Activity –
Write out each record exactly as given, but do not include the pictures.

>>>

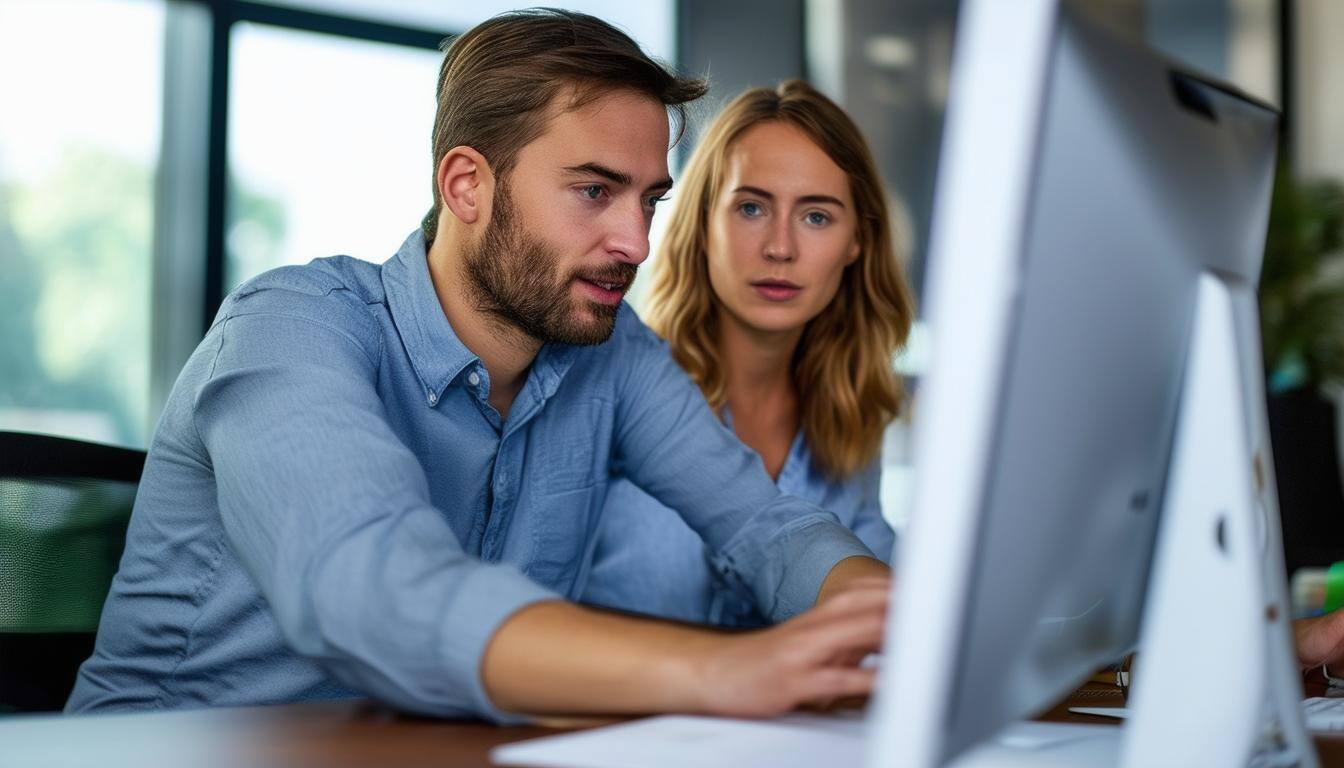 man and woman on computer managing services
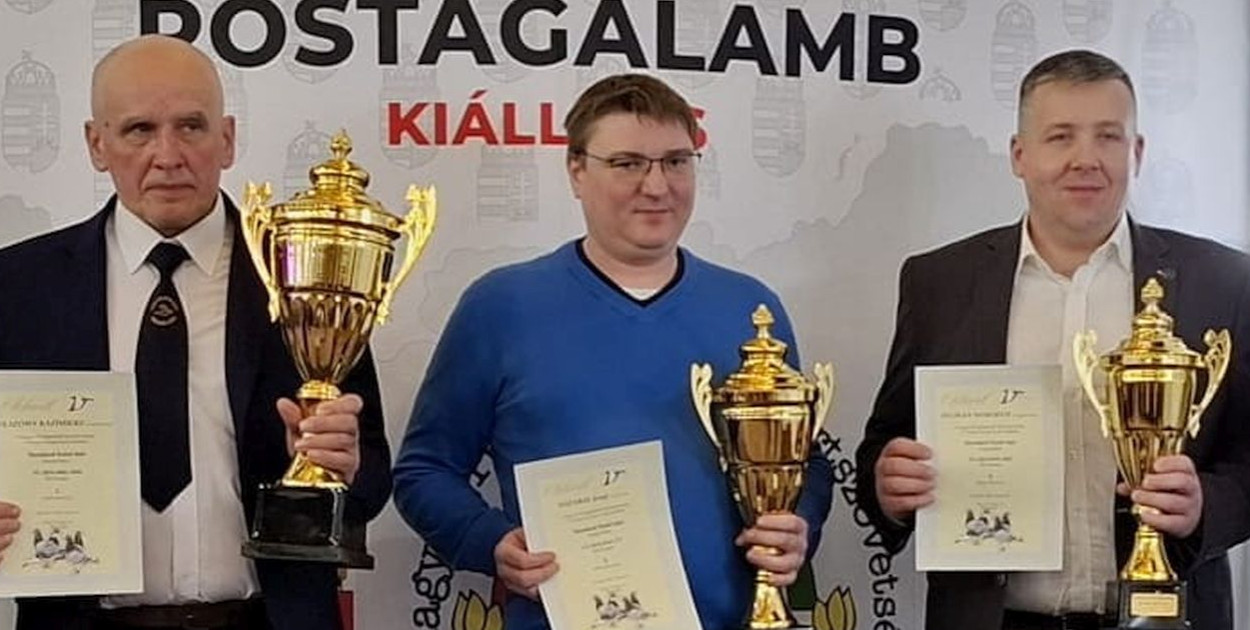 Wojciech Pelikan (pierwszy z prawej) zajmuje się hodowlą gołębi od 2014 roku, a zdobyty na Węgrzech brązowy medal to jego największe dotychczasowe osiągnięcie . Fot. Archiwum W. Pelikana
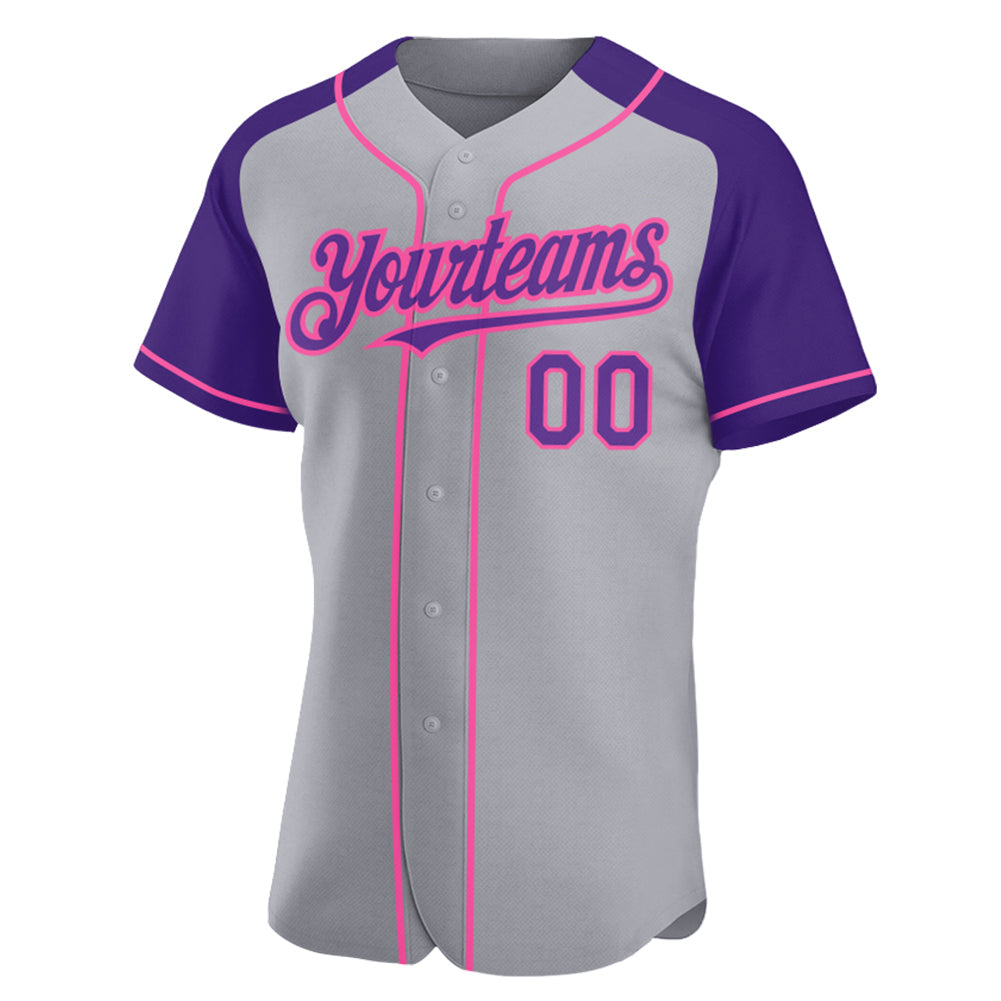 Custom Gray Purple-Pink Authentic Raglan Sleeves Baseball Jersey view 2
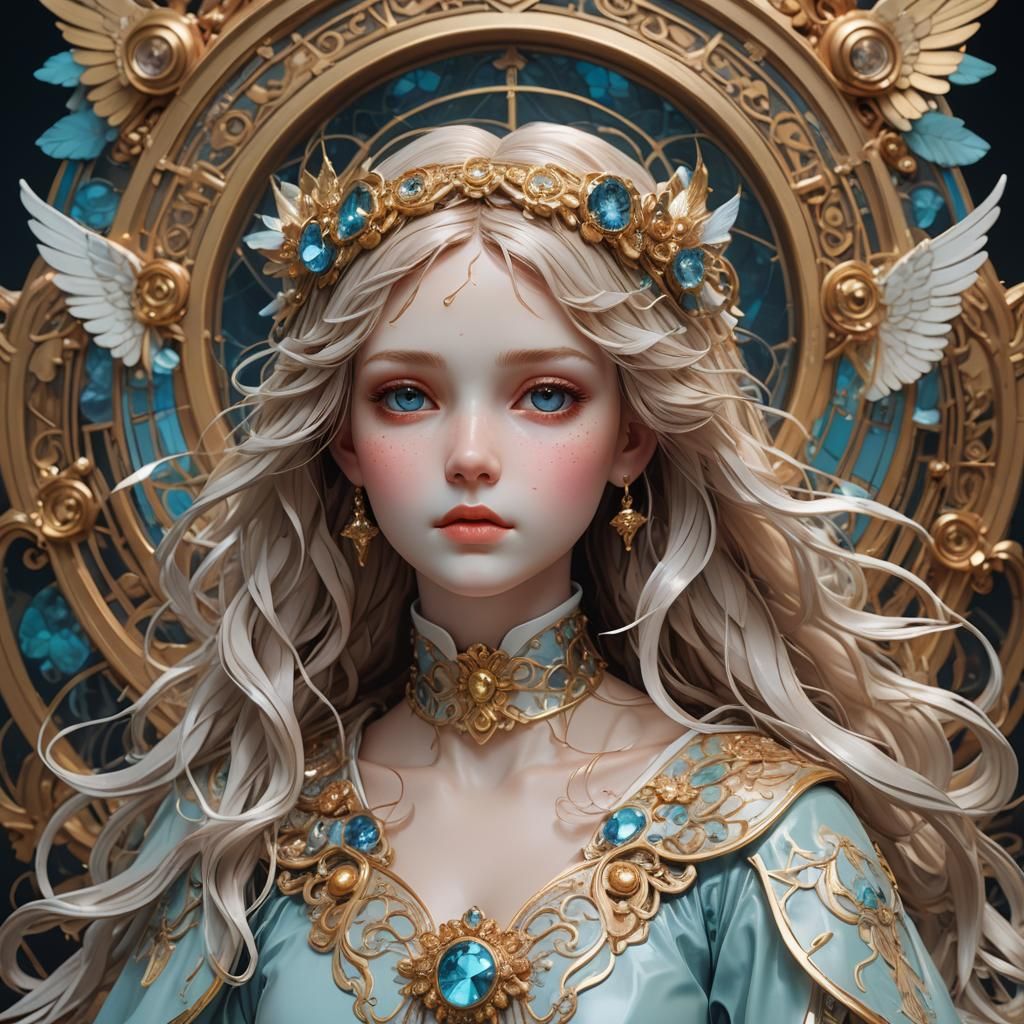 Angelic Porcelain Doll Portrait in Hyperdetailed Style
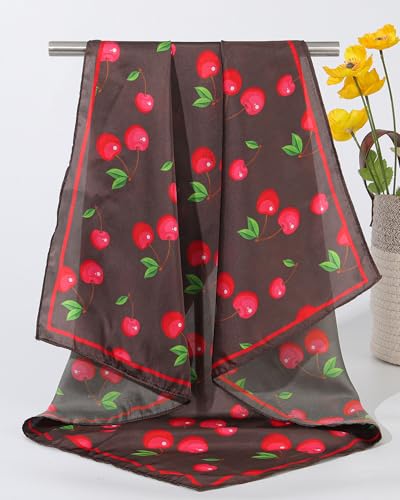 AWAYTR 27.5” Square Satin Head Scarf Hair Scarf for Women's Hair Silk Bandana for Women Silk Head Wrap for Sleeping - color: Brown+cherry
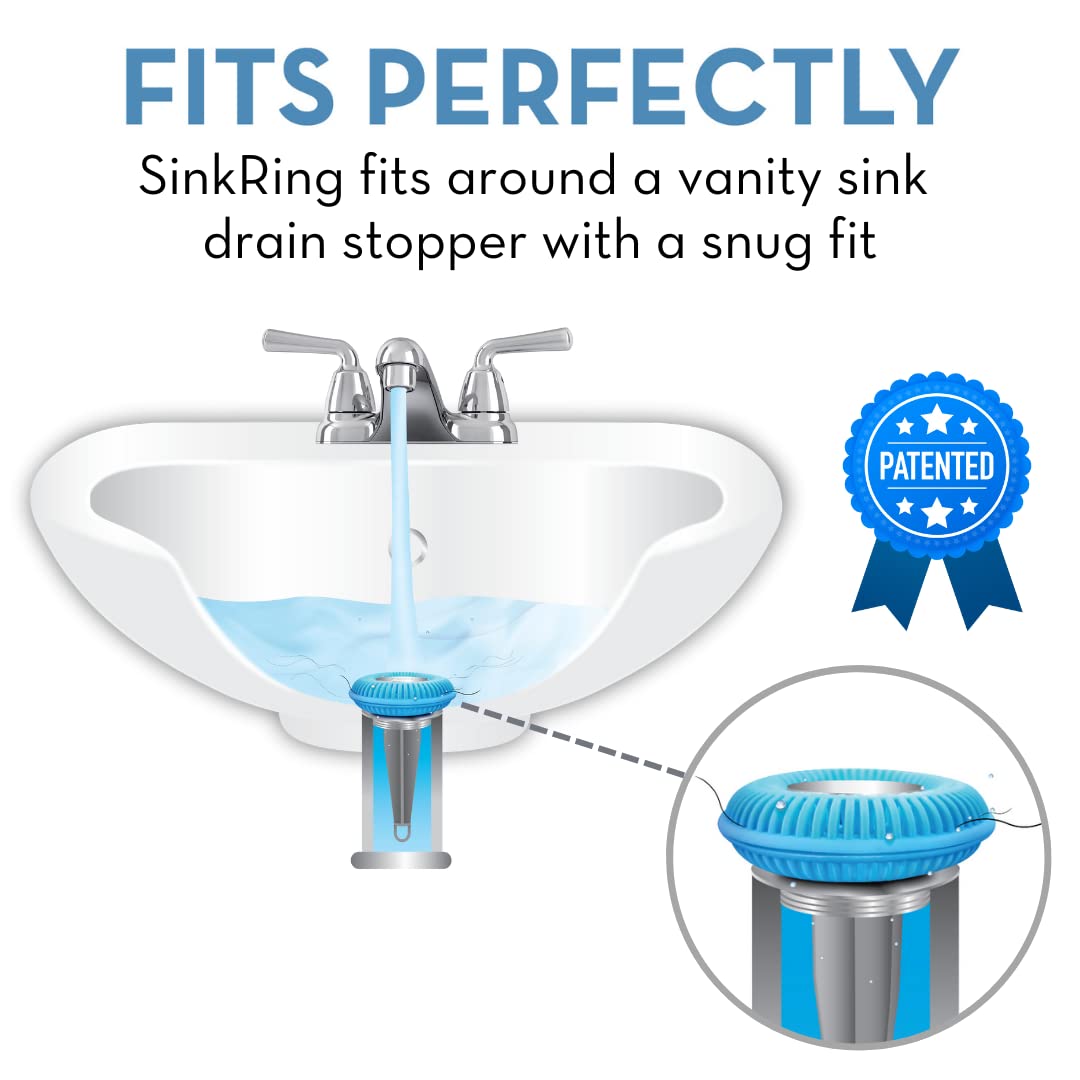 SINKRING The Ultimate Bathroom Sink Drain Protector Hair Catcher/Strainer/Snare (Aqua)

<<<

Written answer –
 man and woman on computer managing services
 Wojciech Pelikan (pierwszy z prawej) zajmuje się hodowlą gołębi od 2014 roku, a zdobyty na Węgrzech brązowy medal to jego największe dotychczasowe osiągnięcie . Fot. Archiwum W. Pelikana
 Custom Gray Purple-Pink Authentic Raglan Sleeves Baseball Jersey view 2
 Angelic Porcelain Doll Portrait in Hyperdetailed Style
 AWAYTR 27.5” Square Satin Head Scarf Hair Scarf for Women's Hair Silk Bandana for Women Silk Head Wrap for Sleeping - color: Brown+cherry
 SINKRING The Ultimate Bathroom Sink Drain Protector Hair Catcher/Strainer/Snare (Aqua)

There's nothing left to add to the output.